Мятеж романтического героя против общества, где торжествует «неволя», где
«любви стыдятся, мысли гонят, Торгуют волею своей, Главы пред идолами клонят И просят денег да цепей»
Но индивидуализм порождал своеволие. Пушкин это понимал и уже в середине 1820-х годов показал в «Цыганах», как своеволие (высшая степень эгоизма) Алеко неизбежно привело его к преступлению, которому нет оправдания.
Поступок Алеко аморален, как аморальны все преступления романтических героев. Логика индивидуалистического бунта во имя своей абсолютной свободы неумолимо заставляла человека не только нарушать законы враждебного ему общества, но и преступать через законы человечности. Индивидуализм в своем конечном проявлении антигуманен.
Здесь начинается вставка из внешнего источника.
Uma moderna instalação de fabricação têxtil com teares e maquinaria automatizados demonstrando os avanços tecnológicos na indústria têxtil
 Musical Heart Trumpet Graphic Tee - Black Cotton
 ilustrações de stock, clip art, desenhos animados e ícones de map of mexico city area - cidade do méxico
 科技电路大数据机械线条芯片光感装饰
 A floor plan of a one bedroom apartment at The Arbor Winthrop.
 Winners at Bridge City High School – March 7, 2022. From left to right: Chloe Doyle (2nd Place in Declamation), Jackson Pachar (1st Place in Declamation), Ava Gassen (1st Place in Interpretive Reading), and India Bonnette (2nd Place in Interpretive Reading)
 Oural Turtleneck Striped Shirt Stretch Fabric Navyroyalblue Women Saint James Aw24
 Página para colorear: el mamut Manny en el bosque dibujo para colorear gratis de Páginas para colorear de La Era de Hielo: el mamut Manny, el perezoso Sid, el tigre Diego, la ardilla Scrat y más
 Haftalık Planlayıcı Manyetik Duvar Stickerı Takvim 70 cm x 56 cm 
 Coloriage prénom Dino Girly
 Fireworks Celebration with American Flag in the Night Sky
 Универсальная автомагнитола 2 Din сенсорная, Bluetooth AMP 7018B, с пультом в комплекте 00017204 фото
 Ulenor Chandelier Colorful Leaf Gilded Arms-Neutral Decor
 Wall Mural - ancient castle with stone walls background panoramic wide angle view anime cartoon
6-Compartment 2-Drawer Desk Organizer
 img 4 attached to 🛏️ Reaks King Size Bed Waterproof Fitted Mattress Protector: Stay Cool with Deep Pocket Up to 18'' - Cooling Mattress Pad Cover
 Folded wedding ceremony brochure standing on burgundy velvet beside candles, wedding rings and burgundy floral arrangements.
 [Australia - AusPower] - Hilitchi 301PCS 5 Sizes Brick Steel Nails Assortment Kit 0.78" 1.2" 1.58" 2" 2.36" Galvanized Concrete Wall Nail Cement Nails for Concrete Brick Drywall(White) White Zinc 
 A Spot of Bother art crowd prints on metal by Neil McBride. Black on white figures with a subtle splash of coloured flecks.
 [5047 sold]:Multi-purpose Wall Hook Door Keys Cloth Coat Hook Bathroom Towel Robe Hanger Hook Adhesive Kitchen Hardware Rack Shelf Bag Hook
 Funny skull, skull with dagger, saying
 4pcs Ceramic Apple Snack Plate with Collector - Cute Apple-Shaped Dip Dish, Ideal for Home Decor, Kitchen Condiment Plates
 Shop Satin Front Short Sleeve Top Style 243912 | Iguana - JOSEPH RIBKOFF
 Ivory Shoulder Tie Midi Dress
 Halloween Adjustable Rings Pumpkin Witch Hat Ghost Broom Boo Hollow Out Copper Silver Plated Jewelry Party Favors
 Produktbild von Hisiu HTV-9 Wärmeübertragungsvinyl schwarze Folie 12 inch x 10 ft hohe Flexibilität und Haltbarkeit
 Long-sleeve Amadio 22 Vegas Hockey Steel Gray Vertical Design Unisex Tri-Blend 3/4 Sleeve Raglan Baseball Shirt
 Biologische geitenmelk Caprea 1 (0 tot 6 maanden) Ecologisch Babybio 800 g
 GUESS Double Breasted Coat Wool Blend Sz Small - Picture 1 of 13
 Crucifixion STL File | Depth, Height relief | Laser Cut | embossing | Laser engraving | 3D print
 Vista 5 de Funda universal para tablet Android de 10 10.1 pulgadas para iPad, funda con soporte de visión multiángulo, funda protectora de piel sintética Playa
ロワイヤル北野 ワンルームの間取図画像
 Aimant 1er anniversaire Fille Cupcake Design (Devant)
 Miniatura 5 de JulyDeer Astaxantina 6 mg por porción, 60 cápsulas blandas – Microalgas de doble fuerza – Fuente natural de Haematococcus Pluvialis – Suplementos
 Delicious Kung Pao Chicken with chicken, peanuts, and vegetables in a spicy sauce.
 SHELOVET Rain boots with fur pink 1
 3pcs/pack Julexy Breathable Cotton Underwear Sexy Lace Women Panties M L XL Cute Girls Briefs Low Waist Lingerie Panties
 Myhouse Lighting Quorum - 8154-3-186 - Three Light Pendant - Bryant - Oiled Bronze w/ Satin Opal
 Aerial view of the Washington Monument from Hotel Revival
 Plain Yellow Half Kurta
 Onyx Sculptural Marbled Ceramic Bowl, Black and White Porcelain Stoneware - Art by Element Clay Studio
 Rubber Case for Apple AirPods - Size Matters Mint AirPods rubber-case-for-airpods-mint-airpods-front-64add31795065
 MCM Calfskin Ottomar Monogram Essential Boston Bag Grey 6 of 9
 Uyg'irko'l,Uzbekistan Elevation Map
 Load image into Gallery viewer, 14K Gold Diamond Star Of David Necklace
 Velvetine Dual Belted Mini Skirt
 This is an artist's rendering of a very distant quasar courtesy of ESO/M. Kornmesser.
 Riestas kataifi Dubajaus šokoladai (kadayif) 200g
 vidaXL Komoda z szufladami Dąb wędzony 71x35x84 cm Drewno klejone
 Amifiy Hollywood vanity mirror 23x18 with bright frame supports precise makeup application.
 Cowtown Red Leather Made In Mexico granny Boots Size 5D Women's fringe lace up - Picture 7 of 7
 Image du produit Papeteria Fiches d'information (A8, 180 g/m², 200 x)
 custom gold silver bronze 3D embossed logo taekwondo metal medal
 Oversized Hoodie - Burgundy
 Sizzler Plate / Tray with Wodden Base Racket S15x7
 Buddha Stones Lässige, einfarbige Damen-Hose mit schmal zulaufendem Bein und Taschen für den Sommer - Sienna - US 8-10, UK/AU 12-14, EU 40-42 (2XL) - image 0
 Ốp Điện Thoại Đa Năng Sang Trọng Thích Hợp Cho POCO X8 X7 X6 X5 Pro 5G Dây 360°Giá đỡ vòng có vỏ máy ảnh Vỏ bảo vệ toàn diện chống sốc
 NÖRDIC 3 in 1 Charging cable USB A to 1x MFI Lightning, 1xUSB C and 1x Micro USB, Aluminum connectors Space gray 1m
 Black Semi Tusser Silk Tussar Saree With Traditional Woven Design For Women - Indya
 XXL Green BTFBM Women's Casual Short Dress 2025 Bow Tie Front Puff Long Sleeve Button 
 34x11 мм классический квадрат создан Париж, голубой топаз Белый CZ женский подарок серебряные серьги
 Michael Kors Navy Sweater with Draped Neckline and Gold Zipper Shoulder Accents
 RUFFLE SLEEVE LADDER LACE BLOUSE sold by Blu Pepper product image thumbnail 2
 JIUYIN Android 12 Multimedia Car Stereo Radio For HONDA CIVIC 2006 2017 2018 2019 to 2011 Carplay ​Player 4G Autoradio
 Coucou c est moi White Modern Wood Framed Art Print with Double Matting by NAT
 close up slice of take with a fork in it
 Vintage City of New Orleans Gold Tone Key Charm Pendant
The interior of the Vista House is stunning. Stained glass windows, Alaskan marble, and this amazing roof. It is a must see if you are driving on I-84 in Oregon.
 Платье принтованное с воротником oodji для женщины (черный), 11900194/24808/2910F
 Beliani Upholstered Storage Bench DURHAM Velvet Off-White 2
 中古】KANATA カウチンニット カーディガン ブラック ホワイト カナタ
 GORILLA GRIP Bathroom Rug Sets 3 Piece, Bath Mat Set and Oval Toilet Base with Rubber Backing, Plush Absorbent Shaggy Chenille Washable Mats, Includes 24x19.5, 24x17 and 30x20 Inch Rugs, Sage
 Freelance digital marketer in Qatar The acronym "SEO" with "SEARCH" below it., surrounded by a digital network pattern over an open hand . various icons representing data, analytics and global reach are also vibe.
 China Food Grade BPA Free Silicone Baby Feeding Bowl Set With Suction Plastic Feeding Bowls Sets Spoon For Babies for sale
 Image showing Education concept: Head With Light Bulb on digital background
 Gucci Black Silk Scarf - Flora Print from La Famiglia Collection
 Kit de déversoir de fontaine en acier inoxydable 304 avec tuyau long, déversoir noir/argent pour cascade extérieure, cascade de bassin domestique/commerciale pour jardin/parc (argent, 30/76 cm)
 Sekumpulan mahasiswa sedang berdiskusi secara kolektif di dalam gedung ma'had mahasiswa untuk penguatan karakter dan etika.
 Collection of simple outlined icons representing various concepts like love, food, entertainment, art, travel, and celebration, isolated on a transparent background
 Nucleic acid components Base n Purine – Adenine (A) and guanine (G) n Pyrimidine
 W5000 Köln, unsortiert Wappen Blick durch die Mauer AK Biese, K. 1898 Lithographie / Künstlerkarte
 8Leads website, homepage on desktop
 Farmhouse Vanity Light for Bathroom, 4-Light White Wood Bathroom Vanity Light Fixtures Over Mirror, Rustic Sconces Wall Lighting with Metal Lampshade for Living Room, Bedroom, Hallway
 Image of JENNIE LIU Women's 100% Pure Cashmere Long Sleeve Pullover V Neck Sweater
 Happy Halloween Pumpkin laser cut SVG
Раскрывая драму Дон Гуана, Пушкин выдвигал проблему нравственной ответственности личности. Этим пафосом пронизаны все драматические сцепы поэта. Именно Пушкиным начата традиция рассмотрения, познания и объяснения человека через призму его личной нравственной ответственности. Это пушкинское начало восторжествует в русской литературе, получит развитие у Лермонтова, Некрасова, Глеба Успенского, с одной стороны, у Толстого, Достоевского, Чехова — с другой.